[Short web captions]
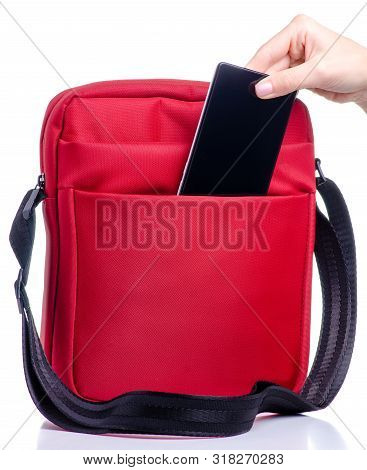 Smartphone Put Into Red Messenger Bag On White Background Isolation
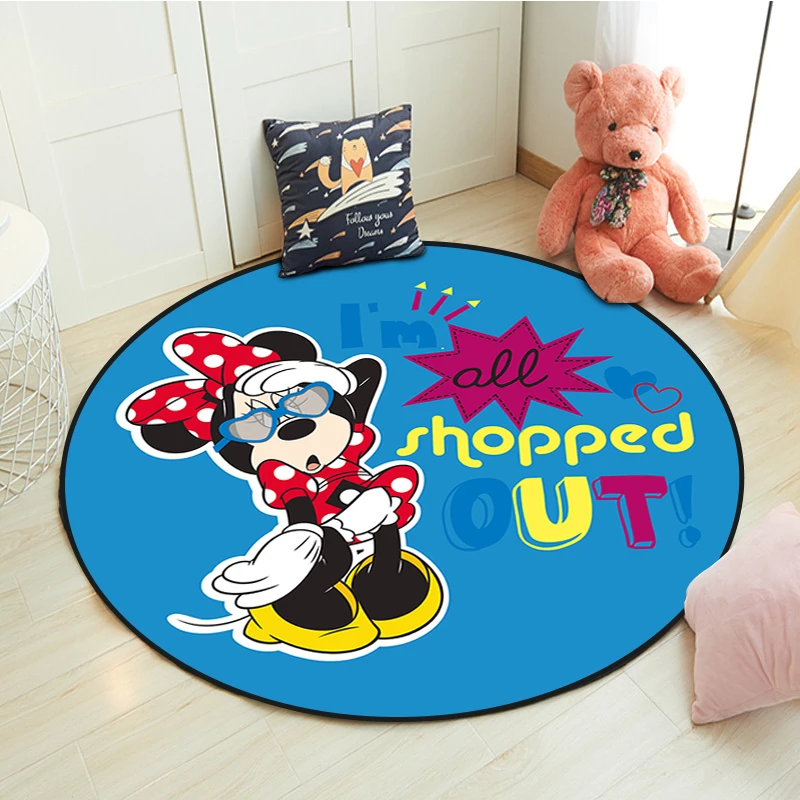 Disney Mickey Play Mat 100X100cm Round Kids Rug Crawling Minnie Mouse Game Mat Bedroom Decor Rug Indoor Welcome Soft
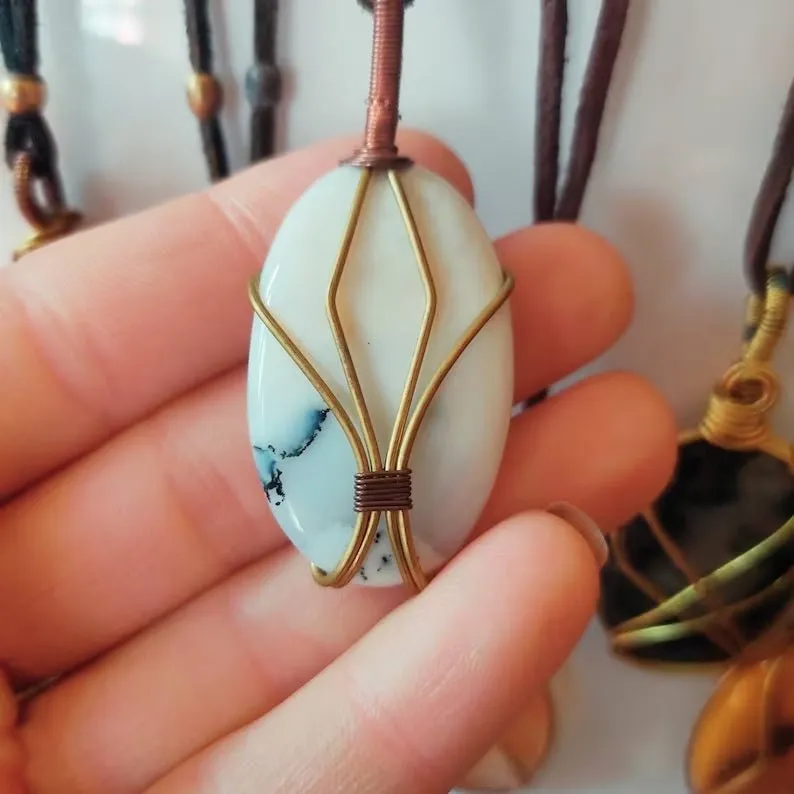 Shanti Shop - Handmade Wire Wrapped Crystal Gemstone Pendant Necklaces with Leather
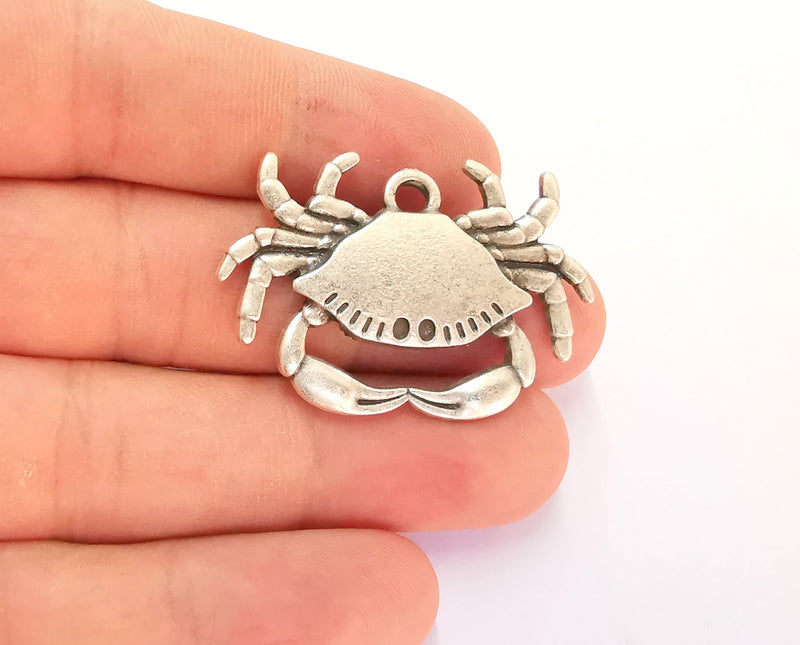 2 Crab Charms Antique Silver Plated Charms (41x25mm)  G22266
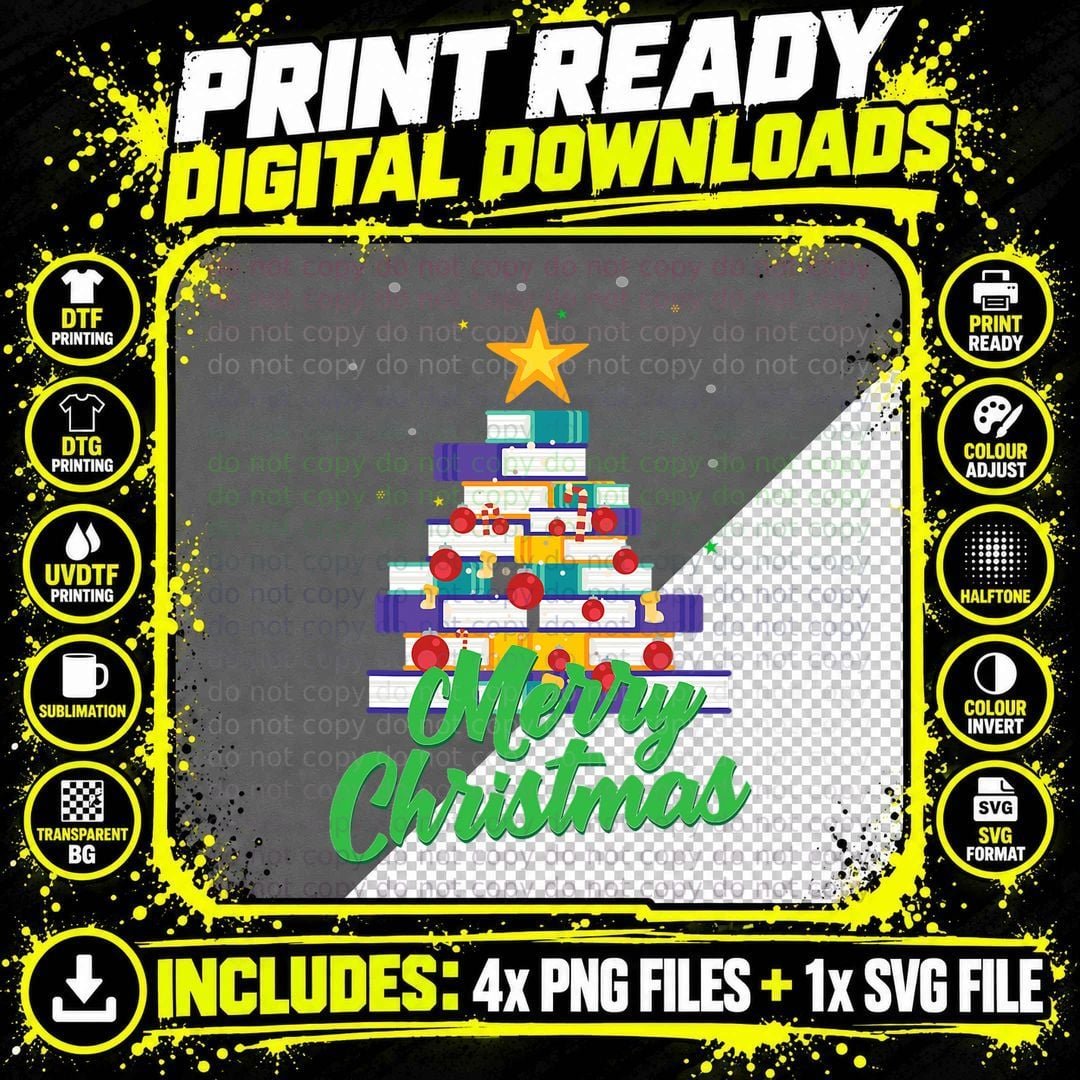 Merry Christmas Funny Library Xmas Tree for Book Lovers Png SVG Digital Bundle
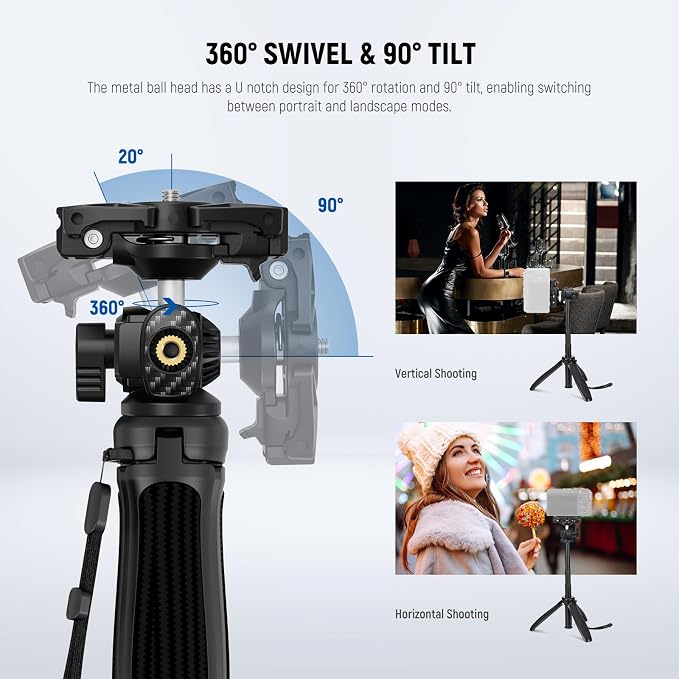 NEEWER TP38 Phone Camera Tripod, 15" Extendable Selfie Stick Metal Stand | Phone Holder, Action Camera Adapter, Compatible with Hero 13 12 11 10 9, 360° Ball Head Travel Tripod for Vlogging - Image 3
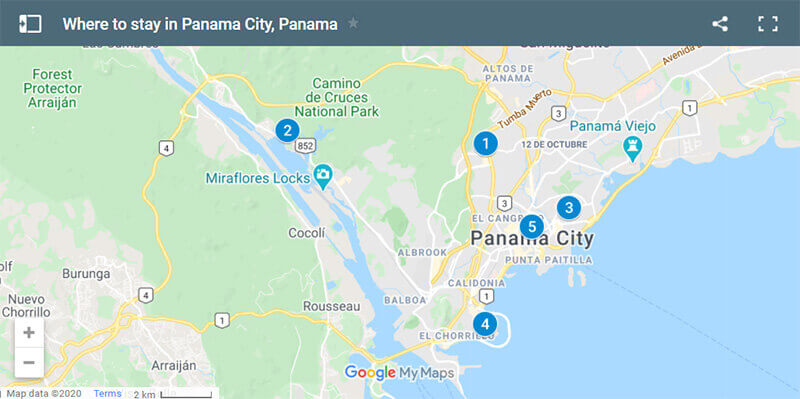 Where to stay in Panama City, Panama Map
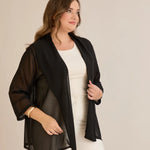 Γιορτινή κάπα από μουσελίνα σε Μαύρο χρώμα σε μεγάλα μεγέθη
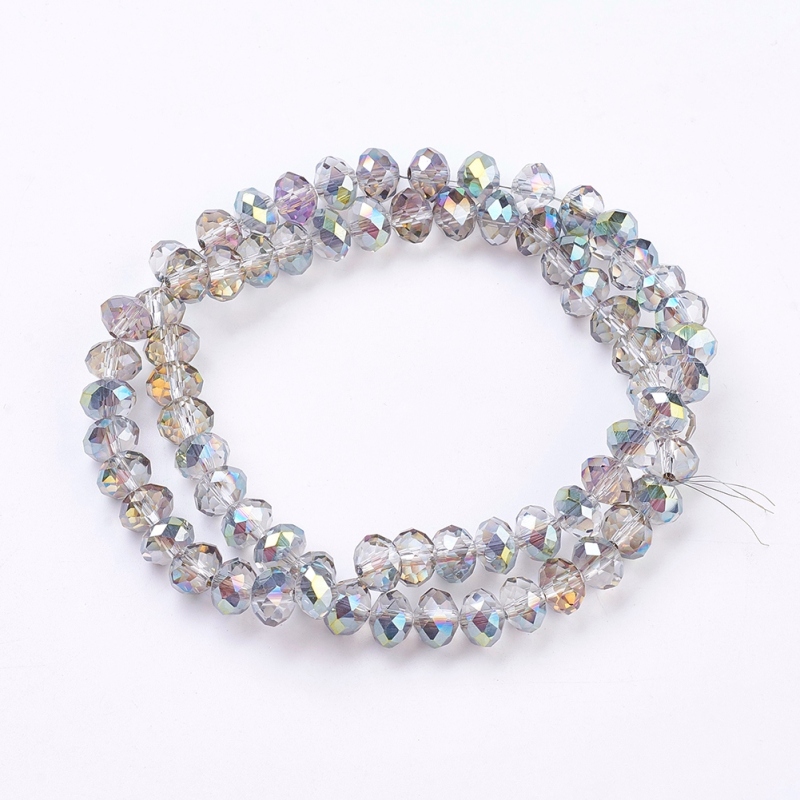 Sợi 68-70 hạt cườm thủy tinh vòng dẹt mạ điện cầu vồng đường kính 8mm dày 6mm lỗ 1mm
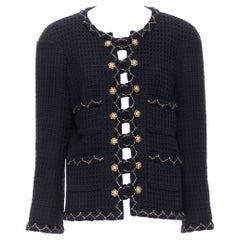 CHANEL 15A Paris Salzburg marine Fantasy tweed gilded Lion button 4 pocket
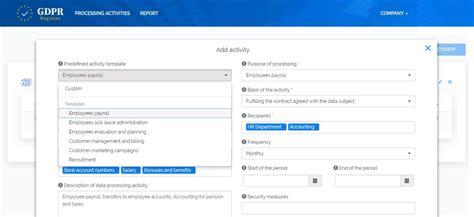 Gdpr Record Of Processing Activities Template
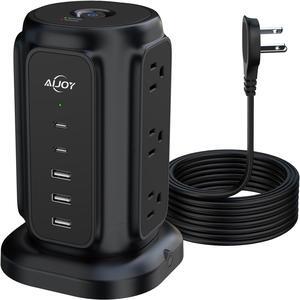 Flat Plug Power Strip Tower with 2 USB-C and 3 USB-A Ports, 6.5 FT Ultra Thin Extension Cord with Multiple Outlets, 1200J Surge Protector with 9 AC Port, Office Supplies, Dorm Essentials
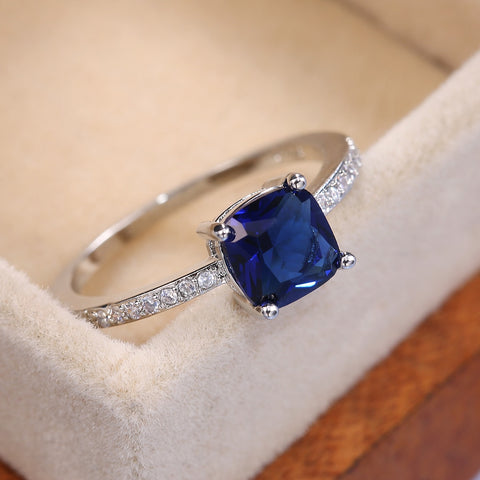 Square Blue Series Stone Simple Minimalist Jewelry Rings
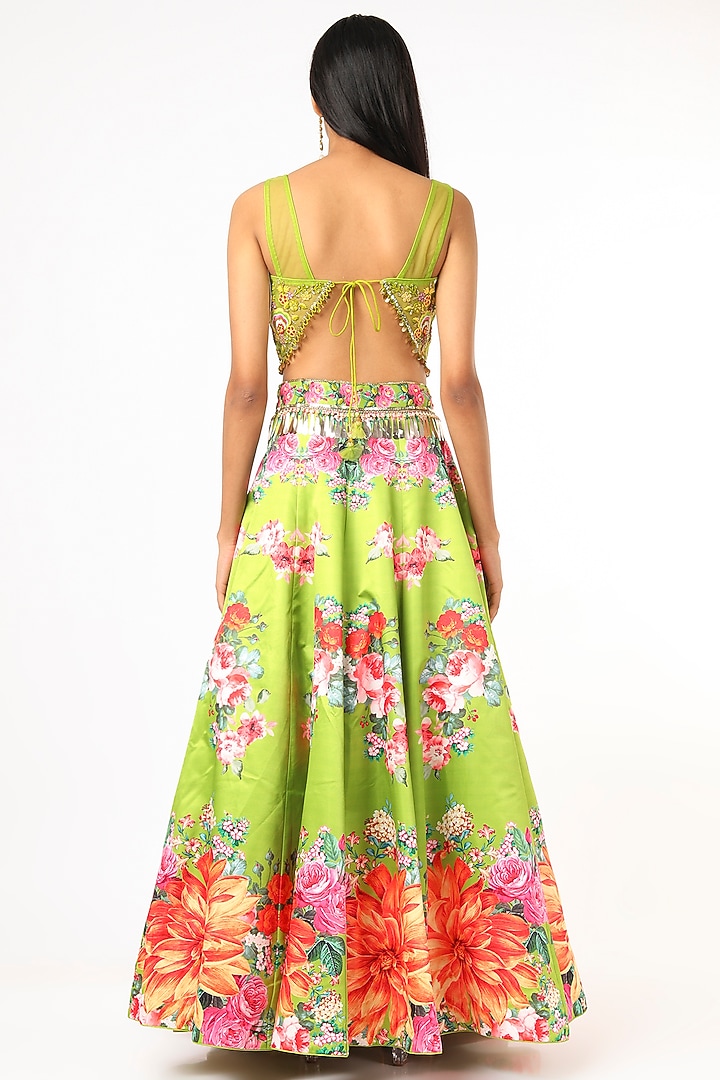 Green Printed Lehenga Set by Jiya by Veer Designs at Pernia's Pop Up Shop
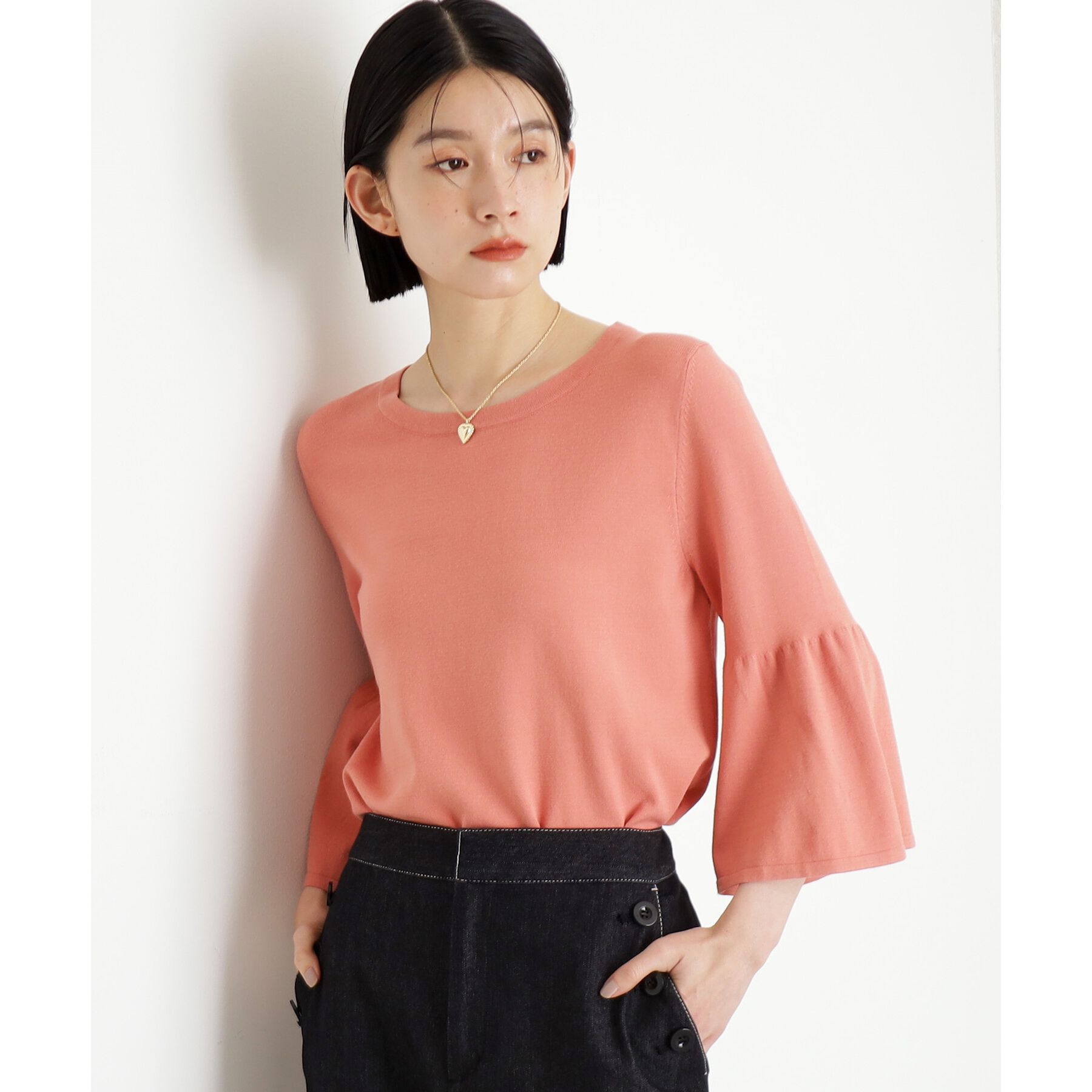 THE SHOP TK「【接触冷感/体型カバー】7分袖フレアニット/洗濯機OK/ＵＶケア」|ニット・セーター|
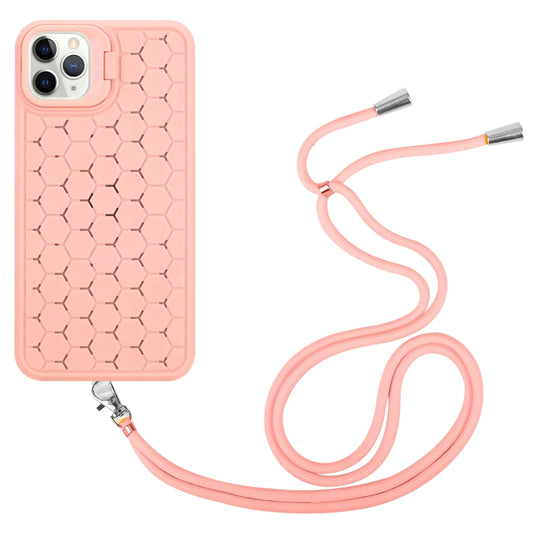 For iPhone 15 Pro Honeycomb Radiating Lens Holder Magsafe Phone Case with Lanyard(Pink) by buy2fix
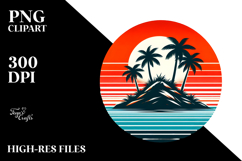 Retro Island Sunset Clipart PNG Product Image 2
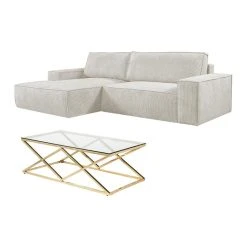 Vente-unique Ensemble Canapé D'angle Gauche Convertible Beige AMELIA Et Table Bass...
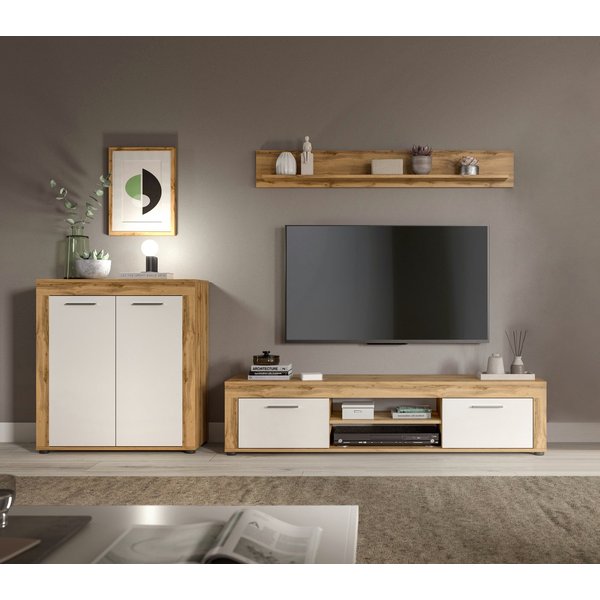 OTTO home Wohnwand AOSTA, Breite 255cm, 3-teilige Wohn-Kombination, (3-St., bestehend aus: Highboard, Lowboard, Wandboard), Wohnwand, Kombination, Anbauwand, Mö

| Task instructions |
Retype the lines from the one containing "Γιορτινή κάπα από" down to the last line of the records, both included, exactly and nothing more. Pictures stay out.

| Response area |
 Γιορτινή κάπα από μουσελίνα σε Μαύρο χρώμα σε μεγάλα μεγέθη
 Sợi 68-70 hạt cườm thủy tinh vòng dẹt mạ điện cầu vồng đường kính 8mm dày 6mm lỗ 1mm
 CHANEL 15A Paris Salzburg marine Fantasy tweed gilded Lion button 4 pocket
 Gdpr Record Of Processing Activities Template
 Flat Plug Power Strip Tower with 2 USB-C and 3 USB-A Ports, 6.5 FT Ultra Thin Extension Cord with Multiple Outlets, 1200J Surge Protector with 9 AC Port, Office Supplies, Dorm Essentials
 Square Blue Series Stone Simple Minimalist Jewelry Rings
 Green Printed Lehenga Set by Jiya by Veer Designs at Pernia's Pop Up Shop
 THE SHOP TK「【接触冷感/体型カバー】7分袖フレアニット/洗濯機OK/ＵＶケア」|ニット・セーター|
 For iPhone 15 Pro Honeycomb Radiating Lens Holder Magsafe Phone Case with Lanyard(Pink) by buy2fix
 Retro Island Sunset Clipart PNG Product Image 2
 Vente-unique Ensemble Canapé D'angle Gauche Convertible Beige AMELIA Et Table Bass...
 OTTO home Wohnwand AOSTA, Breite 255cm, 3-teilige Wohn-Kombination, (3-St., bestehend aus: Highboard, Lowboard, Wandboard), Wohnwand, Kombination, Anbauwand, Mö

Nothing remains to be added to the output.